_WORK TO BE COMPLETED_.
Copy out exactly every line from the line containing "Brooklyn Nets guard" until the records below end, inclusive of both boundary lines.

Short descriptive text snippets
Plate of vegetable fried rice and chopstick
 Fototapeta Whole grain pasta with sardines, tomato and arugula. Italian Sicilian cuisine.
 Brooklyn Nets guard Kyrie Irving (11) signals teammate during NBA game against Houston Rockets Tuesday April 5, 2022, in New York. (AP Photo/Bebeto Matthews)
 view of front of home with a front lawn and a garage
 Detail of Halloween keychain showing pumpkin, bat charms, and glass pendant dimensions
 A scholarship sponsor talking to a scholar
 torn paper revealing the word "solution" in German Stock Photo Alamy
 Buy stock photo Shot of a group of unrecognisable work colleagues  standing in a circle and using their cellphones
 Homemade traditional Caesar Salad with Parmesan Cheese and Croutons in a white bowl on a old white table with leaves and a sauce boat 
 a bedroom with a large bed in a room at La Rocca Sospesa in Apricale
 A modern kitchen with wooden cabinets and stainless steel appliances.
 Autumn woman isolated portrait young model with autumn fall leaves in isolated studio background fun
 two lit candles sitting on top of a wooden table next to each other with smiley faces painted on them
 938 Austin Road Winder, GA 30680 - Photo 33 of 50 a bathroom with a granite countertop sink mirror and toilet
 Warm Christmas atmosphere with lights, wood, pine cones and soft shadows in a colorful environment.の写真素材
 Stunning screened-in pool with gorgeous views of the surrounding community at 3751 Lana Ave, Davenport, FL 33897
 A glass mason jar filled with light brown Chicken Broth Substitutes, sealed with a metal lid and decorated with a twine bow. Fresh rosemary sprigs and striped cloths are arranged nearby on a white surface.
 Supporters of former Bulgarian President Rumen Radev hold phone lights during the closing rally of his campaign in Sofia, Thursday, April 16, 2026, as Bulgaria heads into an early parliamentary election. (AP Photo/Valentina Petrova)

_ANSWER SPACE_.
 Brooklyn Nets guard Kyrie Irving (11) signals teammate during NBA game against Houston Rockets Tuesday April 5, 2022, in New York. (AP Photo/Bebeto Matthews)
 view of front of home with a front lawn and a garage
 Detail of Halloween keychain showing pumpkin, bat charms, and glass pendant dimensions
 A scholarship sponsor talking to a scholar
 torn paper revealing the word "solution" in German Stock Photo Alamy
 Buy stock photo Shot of a group of unrecognisable work colleagues  standing in a circle and using their cellphones
 Homemade traditional Caesar Salad with Parmesan Cheese and Croutons in a white bowl on a old white table with leaves and a sauce boat 
 a bedroom with a large bed in a room at La Rocca Sospesa in Apricale
 A modern kitchen with wooden cabinets and stainless steel appliances.
 Autumn woman isolated portrait young model with autumn fall leaves in isolated studio background fun
 two lit candles sitting on top of a wooden table next to each other with smiley faces painted on them
 938 Austin Road Winder, GA 30680 - Photo 33 of 50 a bathroom with a granite countertop sink mirror and toilet
 Warm Christmas atmosphere with lights, wood, pine cones and soft shadows in a colorful environment.の写真素材
 Stunning screened-in pool with gorgeous views of the surrounding community at 3751 Lana Ave, Davenport, FL 33897
 A glass mason jar filled with light brown Chicken Broth Substitutes, sealed with a metal lid and decorated with a twine bow. Fresh rosemary sprigs and striped cloths are arranged nearby on a white surface.
 Supporters of former Bulgarian President Rumen Radev hold phone lights during the closing rally of his campaign in Sofia, Thursday, April 16, 2026, as Bulgaria heads into an early parliamentary election. (AP Photo/Valentina Petrova)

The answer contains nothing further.